[Saved entries]
= = = =

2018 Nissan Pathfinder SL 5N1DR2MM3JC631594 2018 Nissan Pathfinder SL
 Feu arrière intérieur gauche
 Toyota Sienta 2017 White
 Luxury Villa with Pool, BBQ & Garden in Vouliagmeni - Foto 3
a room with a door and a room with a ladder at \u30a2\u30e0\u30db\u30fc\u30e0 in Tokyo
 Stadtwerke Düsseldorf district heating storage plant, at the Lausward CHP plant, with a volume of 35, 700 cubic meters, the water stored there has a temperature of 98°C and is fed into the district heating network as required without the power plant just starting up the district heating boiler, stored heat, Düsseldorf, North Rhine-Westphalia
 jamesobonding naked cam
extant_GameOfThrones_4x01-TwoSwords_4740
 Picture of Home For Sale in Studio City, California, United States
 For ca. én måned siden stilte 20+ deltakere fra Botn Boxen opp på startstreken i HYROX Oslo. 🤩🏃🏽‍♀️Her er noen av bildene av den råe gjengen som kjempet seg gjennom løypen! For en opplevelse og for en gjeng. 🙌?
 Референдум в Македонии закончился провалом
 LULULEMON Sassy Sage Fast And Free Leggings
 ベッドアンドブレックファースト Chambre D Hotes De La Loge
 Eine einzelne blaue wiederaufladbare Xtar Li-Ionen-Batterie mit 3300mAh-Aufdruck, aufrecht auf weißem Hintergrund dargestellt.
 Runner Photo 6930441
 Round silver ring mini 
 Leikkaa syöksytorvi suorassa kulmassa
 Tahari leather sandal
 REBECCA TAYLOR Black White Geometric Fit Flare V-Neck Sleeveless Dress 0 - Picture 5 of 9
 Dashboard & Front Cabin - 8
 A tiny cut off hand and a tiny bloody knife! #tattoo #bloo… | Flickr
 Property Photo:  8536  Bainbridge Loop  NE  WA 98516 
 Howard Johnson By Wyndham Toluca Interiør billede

= = = =

Work order:
Extract every line above that contains the word "with".

Completed task:
 Luxury Villa with Pool, BBQ & Garden in Vouliagmeni - Foto 3
a room with a door and a room with a ladder at \u30a2\u30e0\u30db\u30fc\u30e0 in Tokyo
 Stadtwerke Düsseldorf district heating storage plant, at the Lausward CHP plant, with a volume of 35, 700 cubic meters, the water stored there has a temperature of 98°C and is fed into the district heating network as required without the power plant just starting up the district heating boiler, stored heat, Düsseldorf, North Rhine-Westphalia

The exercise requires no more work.